There are three ways large companies can grow their business: build it from scratch, buy it, or gain strategic alignment with other companies through partnerships. However, creating something from scratch is often too long, and M&A is sometimes not an option. When this occurs, there is still a way to leverage someone else's technology for faster growth. In this article, Larry Forman, Senior Manager and head of the ecosystem for Deloitte's New Venture Accelerator, discusses the corporate venture strategy.
"Don't try to be a venture capitalist unless you are going to hire a team of VCs to run the fund for you or you may be disappointed." - Larry Forman
What is Corporate Venture Strategy?
The corporate venture strategy involves interacting and forming relationships with venture funds. It is used by corporations wanting to access different ecosystems and technology without building it themselves or acquiring the company. There are various ways to approach this strategy.

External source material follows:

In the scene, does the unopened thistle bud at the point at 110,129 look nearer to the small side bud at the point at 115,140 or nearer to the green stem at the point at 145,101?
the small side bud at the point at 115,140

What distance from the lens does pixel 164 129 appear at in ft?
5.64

- Arms Length Approach - An agreement or an alliance with the company, through the venture fund, towards a particular goal. In this approach, the venture fund will introduce the company to the larger organization and gain strategic alignment.

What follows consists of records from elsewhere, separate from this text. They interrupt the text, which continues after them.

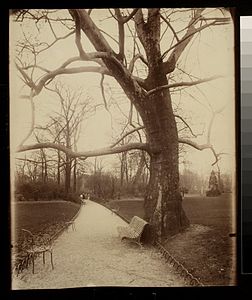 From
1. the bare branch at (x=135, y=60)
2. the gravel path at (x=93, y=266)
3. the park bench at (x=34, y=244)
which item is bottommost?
the gravel path at (x=93, y=266)

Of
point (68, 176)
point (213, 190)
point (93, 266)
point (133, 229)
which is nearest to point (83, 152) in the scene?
point (68, 176)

- Sponsorship Approach - The sponsorship approach is much like the arms-length approach, with one significant difference. Without taking any equity, the larger company will make a financial commitment to work and help with the fund.

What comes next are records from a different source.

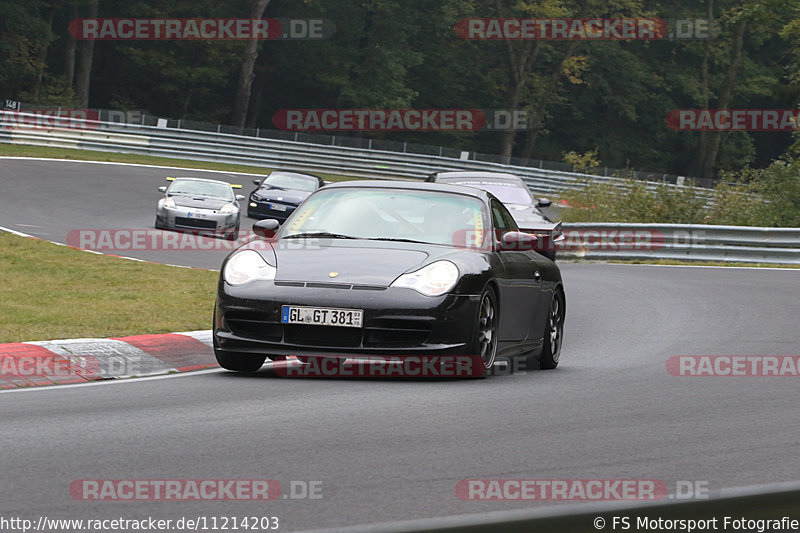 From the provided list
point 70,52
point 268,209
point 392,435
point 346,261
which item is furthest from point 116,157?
point 392,435

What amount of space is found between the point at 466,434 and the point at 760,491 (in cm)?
327

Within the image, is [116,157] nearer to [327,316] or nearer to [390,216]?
[390,216]

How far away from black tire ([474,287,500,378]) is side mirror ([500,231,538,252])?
0.59 metres

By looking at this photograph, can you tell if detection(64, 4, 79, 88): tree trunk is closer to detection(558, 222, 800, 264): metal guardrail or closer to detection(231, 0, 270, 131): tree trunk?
detection(231, 0, 270, 131): tree trunk

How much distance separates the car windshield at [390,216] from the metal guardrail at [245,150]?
37473 mm

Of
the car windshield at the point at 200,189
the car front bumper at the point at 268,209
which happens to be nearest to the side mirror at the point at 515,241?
the car windshield at the point at 200,189

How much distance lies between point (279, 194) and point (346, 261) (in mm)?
25455

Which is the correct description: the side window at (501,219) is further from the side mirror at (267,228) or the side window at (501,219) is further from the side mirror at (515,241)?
the side mirror at (267,228)

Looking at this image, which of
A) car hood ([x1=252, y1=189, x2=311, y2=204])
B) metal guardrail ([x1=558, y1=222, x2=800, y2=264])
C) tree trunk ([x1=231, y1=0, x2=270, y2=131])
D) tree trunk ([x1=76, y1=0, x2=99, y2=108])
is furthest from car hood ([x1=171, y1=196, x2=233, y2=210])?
tree trunk ([x1=76, y1=0, x2=99, y2=108])

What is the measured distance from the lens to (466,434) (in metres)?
6.43

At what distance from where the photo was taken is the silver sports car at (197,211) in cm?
2641

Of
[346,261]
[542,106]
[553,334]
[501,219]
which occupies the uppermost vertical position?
[542,106]

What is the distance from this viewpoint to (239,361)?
903 centimetres

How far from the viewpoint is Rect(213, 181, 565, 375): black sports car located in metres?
8.42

- Investment Approach - This approach invests in the venture fund without strategic alignment with its portfolio companies.
Benefits of the Corporate Venture Strategy
Regardless of what approach a company takes, there are many reasons why organizations should look into corporate venture strategy. Here are the significant benefits:
- Market Intel - Large companies will see the market from a venture capitalist's perspective. VCs typically see products or technologies way ahead of time before anyone else.
- Increase Presence - By affiliating with newer companies with advanced technologies, larger companies can build their brand and increase their presence in the more recent-generation market.
- Building Relationships - Corporate venture strategy is an excellent opportunity to build relationships with portfolio companies that may have the technologies needed by larger companies.
- Potential Ecosystem - Sometimes, investors can leverage the portfolio company's existing relationship with other businesses.
- Potential M&A - Partnerships with the portfolio company will provide insights into their operation and culture, which is a great way to assess potential acquisitions.
- Potential ROI - Aside from the other benefits, corporate venturing also has the potential of earning the invested money back.
Advice for First Timers
While corporate venture strategy is highly beneficial, Larry doesn't recommend companies becoming venture capitalists, especially for first-timers. It is highly complex and would require a team to be effective. Instead, the best way to learn and gain experience is to partner with venture capitalists and see what they're doing first.